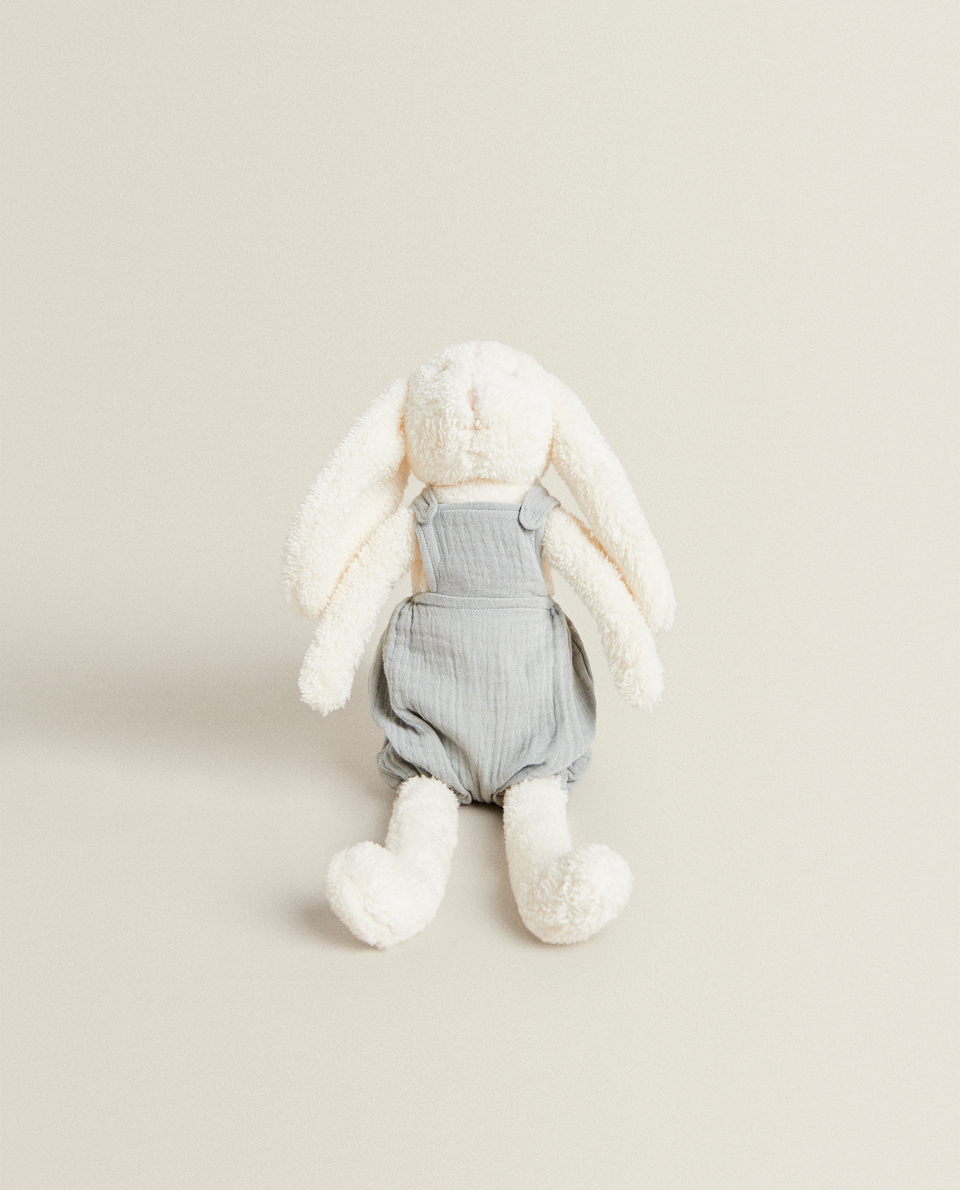 穿吊带裤小兔造型毛绒玩具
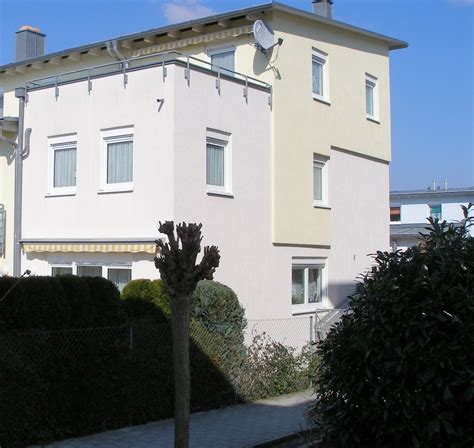 Reiheneckhaus mit unverbaubarem Seeblick auf den Sorpesee in Sundern ...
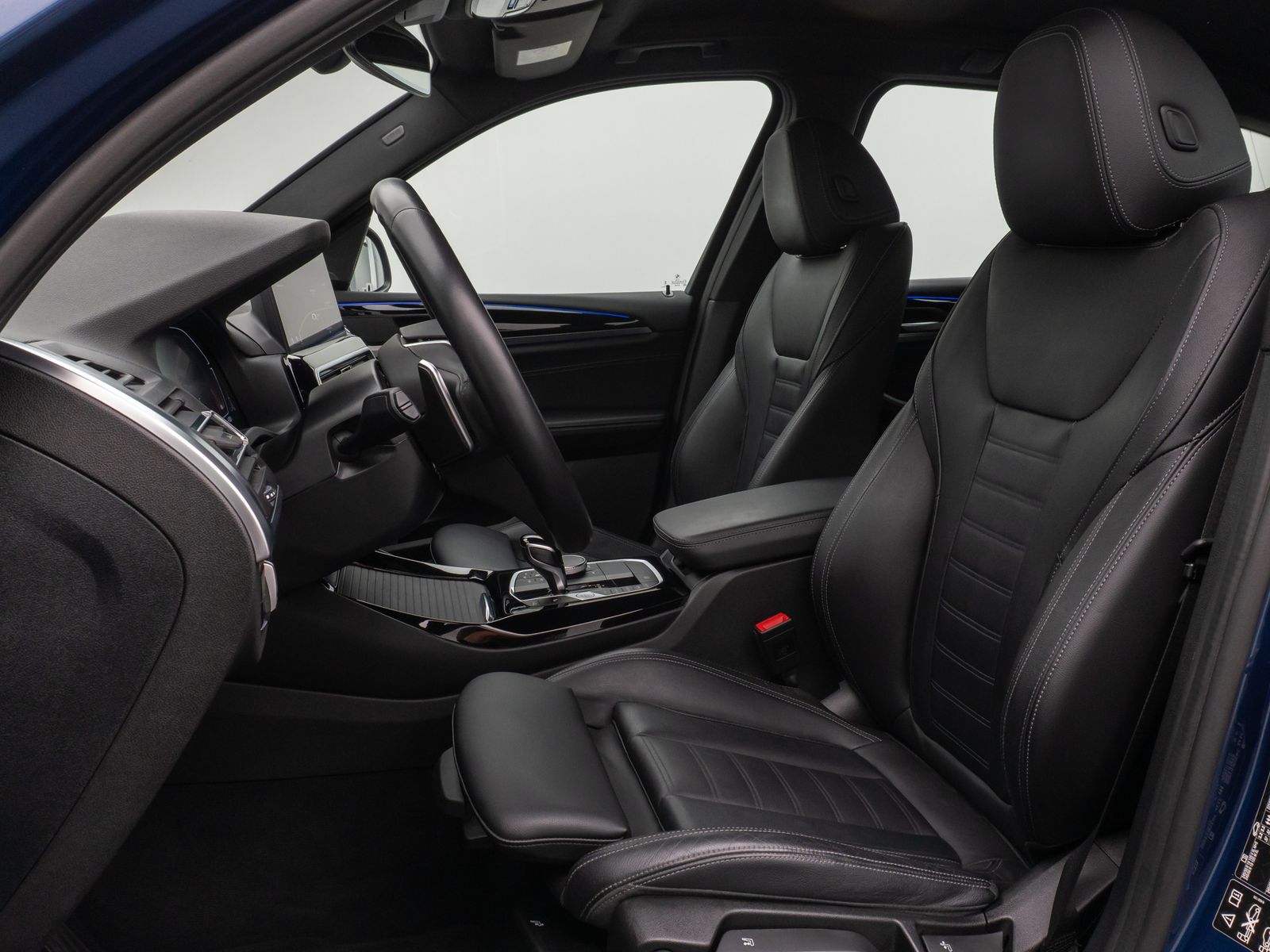 Fahrzeugabbildung BMW X3 xD30d Sport Kamera Laser HUD H/K Komfort AHK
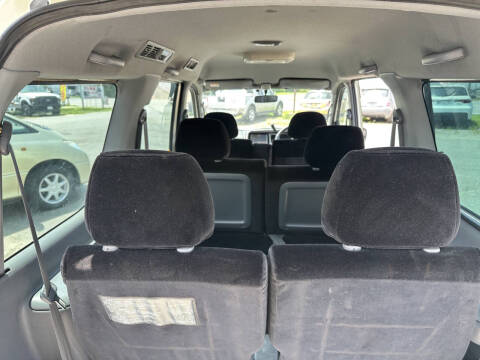 2000 Daihatsu Atrai 7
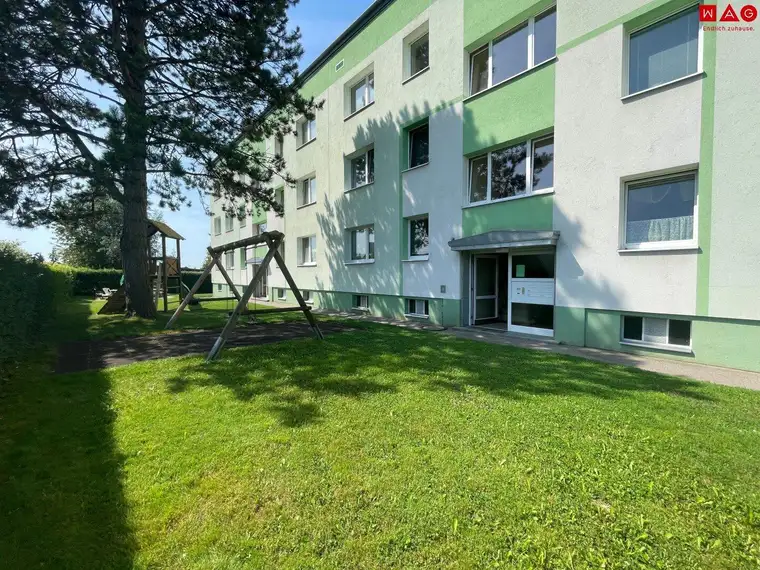 Viel Platz für die Familie! Ihr neuer Wohn(t)raum in Schärding: 2 Kinderzimmer, sonnige Loggia (rd. 5,09 m²) und ruhige Lage im Grünen– Frei ab Oktober 2025!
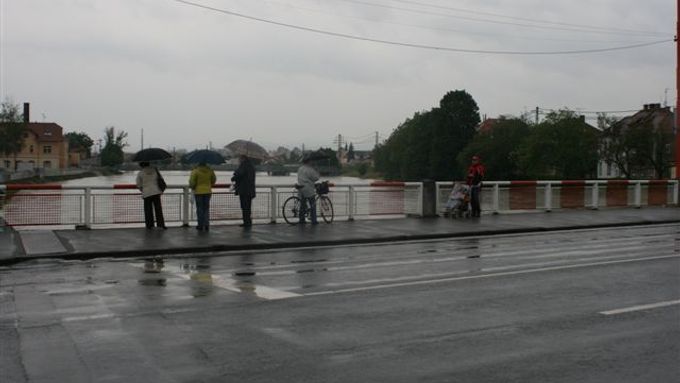 Lidé na pozorovatelně. Snímek z úterního odpoledne od řeky Moravy.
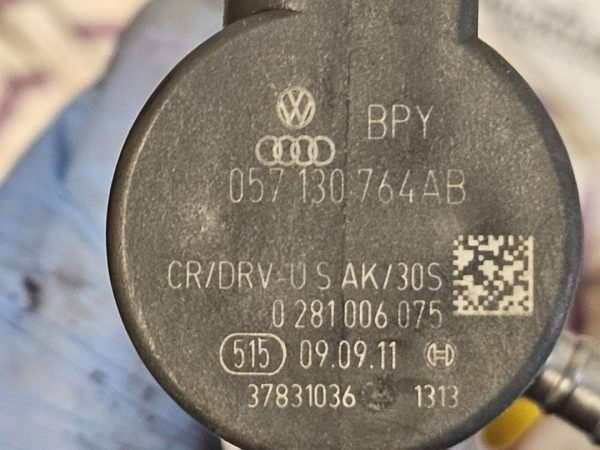 AUDI A4 2.0 TDI CJCB CJC 136KM 12r listwa wtryskowa 057130764AB 0281006075 - obrazek 5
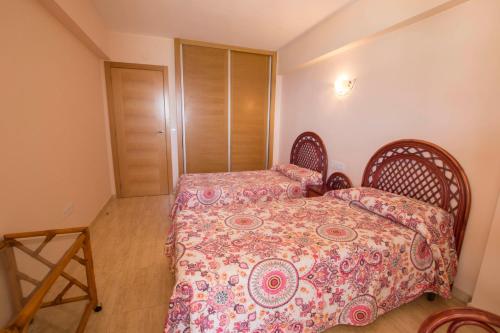 a bedroom with two beds in a room at Edificio Calpemar in Calpe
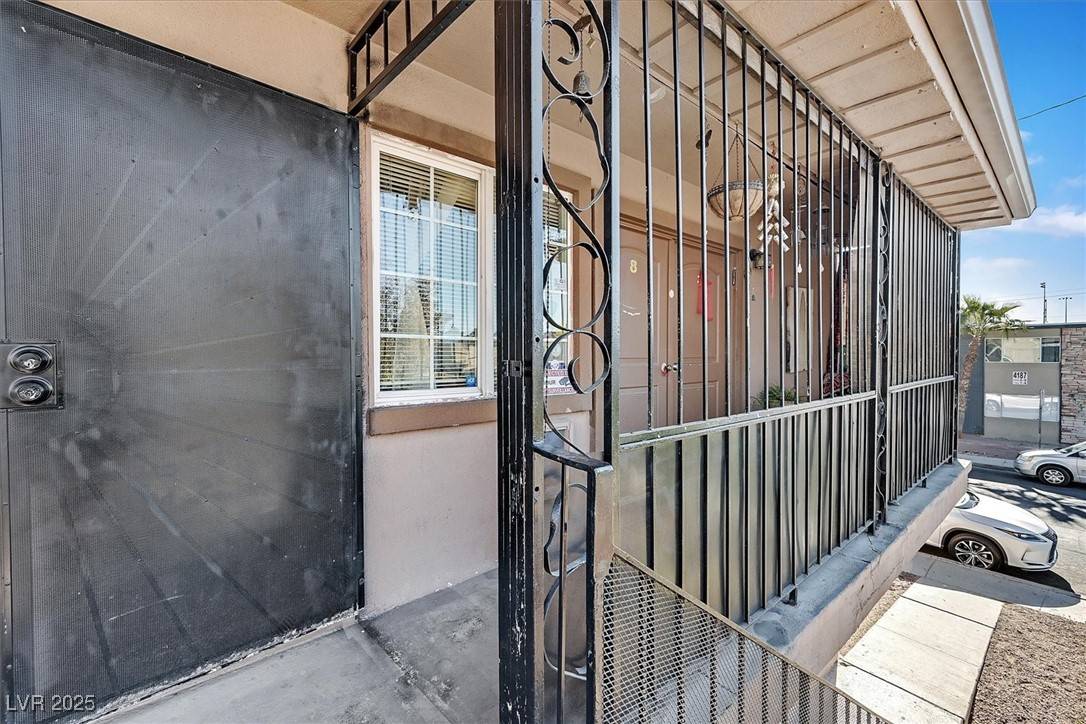 Las Vegas, NV 89102,4186 Silver Dollar AVE #8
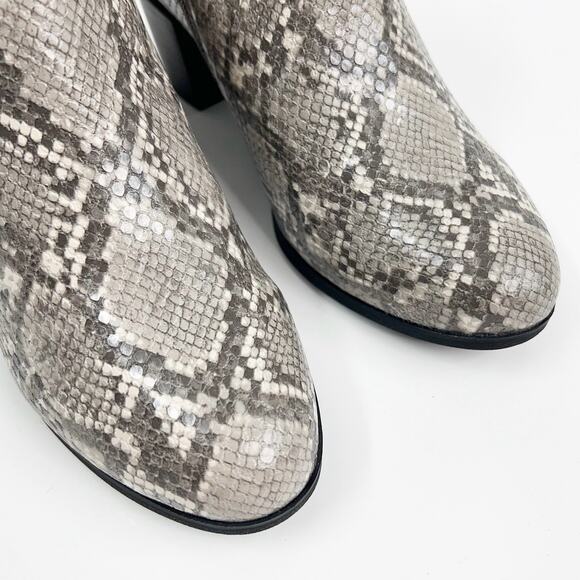 CLOUDWALKERS Ankle Booties Python Snakeskin Cushioned Black Gray Women's Size 8W - Picture 2 of 12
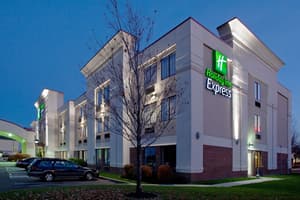 Holiday Inn Express Hotel & Suites Grove City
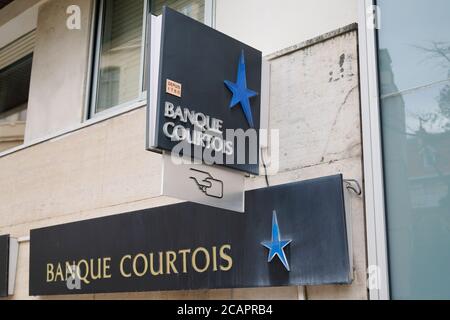 Bordeaux , Aquitaine / France - 08 04 2020 : logo de la Banque Courtois et signature textuelle sur le bureau mural de l'agence bancaire française Banque D'Images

┄┄┄┄┄┄┄┄┄┄

[PROBLEM DETAILS]
Each entry above should be written out again exactly, without its pictures.

[EXERCISE RESULT]
 穿吊带裤小兔造型毛绒玩具
 Reiheneckhaus mit unverbaubarem Seeblick auf den Sorpesee in Sundern ...
 Fahrzeugabbildung BMW X3 xD30d Sport Kamera Laser HUD H/K Komfort AHK
 2000 Daihatsu Atrai 7
 Viel Platz für die Familie! Ihr neuer Wohn(t)raum in Schärding: 2 Kinderzimmer, sonnige Loggia (rd. 5,09 m²) und ruhige Lage im Grünen– Frei ab Oktober 2025!
 Lidé na pozorovatelně. Snímek z úterního odpoledne od řeky Moravy.
 AUDI A4 2.0 TDI CJCB CJC 136KM 12r listwa wtryskowa 057130764AB 0281006075 - obrazek 5
 a bedroom with two beds in a room at Edificio Calpemar in Calpe
 Las Vegas, NV 89102,4186 Silver Dollar AVE #8
 CLOUDWALKERS Ankle Booties Python Snakeskin Cushioned Black Gray Women's Size 8W - Picture 2 of 12
 Holiday Inn Express Hotel & Suites Grove City
 Bordeaux , Aquitaine / France - 08 04 2020 : logo de la Banque Courtois et signature textuelle sur le bureau mural de l'agence bancaire française Banque D'Images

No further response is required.